You can also specify the `output_names` parameter to associate each output value with a name. Of course, this doesn't work for cases where a single value is produced, such as single-target regression.

``````naked.strip(model, input_names=dataset.feature_names, output_names=dataset.target_names)
``````
``````def handle_input_names(x):
names = ['alcohol', 'malic_acid', 'ash', 'alcalinity_of_ash', 'magnesium', 'total_phenols', 'flavanoids', 'nonflavanoid_phenols', 'proanthocyanins', 'color_intensity', 'hue', 'od280/od315_of_diluted_wines', 'proline']
return [x[name] for name in names]

def standard_scaler(x):

mean_ = [13.000617977528083, 2.336348314606741, 2.3665168539325854, 19.49494382022472, 99.74157303370787, 2.295112359550562, 2.0292696629213474, 0.36185393258426973, 1.5908988764044953, 5.058089882022473, 0.9574494382022468, 2.6116853932584254, 746.8932584269663]
var_ = [0.6553597304633259, 1.241004080924126, 0.07484180027774268, 11.090030614821362, 202.84332786264366, 0.3894890323191514, 0.9921135115515715, 0.015401619113748266, 0.32575424820098453, 5.344255847629093, 0.05195144969069561, 0.5012544628203511, 98609.60096578706]
with_mean = True
with_std = True

def scale(x, m, v):
if with_mean:
x -= m
if with_std:
x /= v ** .5
return x

return [scale(xi, m, v) for xi, m, v in zip(x, mean_, var_)]

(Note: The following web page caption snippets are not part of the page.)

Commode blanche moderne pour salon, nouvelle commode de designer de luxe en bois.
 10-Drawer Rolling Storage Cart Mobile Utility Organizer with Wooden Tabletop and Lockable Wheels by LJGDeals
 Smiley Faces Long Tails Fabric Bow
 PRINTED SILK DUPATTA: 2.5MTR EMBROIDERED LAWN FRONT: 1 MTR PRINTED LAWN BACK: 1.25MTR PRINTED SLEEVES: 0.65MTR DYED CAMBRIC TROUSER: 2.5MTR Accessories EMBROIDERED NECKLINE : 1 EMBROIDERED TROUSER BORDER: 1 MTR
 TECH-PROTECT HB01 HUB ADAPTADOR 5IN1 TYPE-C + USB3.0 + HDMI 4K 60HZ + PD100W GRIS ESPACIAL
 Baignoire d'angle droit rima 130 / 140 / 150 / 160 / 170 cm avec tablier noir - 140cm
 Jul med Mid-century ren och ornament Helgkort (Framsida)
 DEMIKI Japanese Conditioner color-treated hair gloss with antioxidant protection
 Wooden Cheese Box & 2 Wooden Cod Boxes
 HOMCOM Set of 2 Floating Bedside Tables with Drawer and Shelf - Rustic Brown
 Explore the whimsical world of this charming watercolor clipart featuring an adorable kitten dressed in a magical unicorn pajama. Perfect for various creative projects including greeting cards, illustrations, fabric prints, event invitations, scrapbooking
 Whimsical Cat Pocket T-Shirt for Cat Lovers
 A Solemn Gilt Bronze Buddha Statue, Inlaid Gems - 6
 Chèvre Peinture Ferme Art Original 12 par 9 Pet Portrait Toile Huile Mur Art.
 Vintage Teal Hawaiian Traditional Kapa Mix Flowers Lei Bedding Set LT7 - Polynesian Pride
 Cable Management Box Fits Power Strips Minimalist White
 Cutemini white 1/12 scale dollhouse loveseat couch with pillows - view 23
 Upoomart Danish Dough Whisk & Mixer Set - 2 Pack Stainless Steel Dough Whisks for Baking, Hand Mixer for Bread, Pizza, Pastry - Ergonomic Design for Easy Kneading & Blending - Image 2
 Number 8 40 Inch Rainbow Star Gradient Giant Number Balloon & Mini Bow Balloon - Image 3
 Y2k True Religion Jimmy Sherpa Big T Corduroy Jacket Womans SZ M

def logistic_regression(x):

coef_ = [[0.8101347947338147, 0.20382073148760085, 0.47221241678911957, -0.8447843882542064, 0.04952904623674445, 0.21372479616642068, 0.6478750705319883, -0.19982499112990385, 0.13833867563545404, 0.17160966151451867, 0.13090887117218597, 0.7259506896985365, 1.07895948707047], [-1.0103233753629153, -0.44045952703036084, -0.8480739967718842, 0.5835732316278703, -0.09770602368275362, 0.027527982220605866, 0.35399157401383297, 0.21278279386396404, 0.2633610495737497, -1.0412707677956505, 0.6825215991118386, 0.05287634940648419, -1.1407929345327175], [0.20018858062910203, 0.23663879554275832, 0.37586157998276365, 0.26121115662633365, 0.048176977446007865, -0.2412527783870254, -1.0018666445458222, -0.012957802734061021, -0.40169972520920566, 0.8696611062811332, -0.8134304702840255, -0.7788270391050198, 0.061833447462247046]]
intercept_ = [0.41229358315867787, 0.7048164121833935, -1.1171099953420585]

import math

logits = [
b + sum(xi * wi for xi, wi in zip(x, w))
for w, b in zip(coef_, intercept_)
]

# Sigmoid activation for binary classification
if len(logits) == 1:
p_true = 1 / (1 + math.exp(-logits))
return [1 - p_true, p_true]

# Softmax activation for multi-class classification
z_max = max(logits)
exp = [math.exp(z - z_max) for z in logits]
exp_sum = sum(exp)
return [e / exp_sum for e in exp]

def handle_output_names(x):
names = ['class_0' 'class_1' 'class_2']
return dict(zip(names, x))

def pipeline(x):
x = handle_input_names(x)
x = standard_scaler(x)
x = logistic_regression(x)
x = handle_output_names(x)
return x
``````

As you can see, by specifying `input_names` as well as `output_names`, we obtain a pipeline of functions which takes as input a dictionary and produces a dictionary.

## Development workflow

``````git clone https://github.com/MaxHalford/naked
cd naked
poetry install
poetry shell
pytest
``````

You may test the web interface locally by running streamlit:

``````streamlit run app/app.py
``````

## Things to do

• Implement more models. For instance it should quite straightforward to support LightGBM.
• Remove useless branching conditions. Parameters are currently handled via `if` statements. Ideally it would be nice to remove the `if` statements and only keep the code that will actually run. This should be doable by using the `ast` module.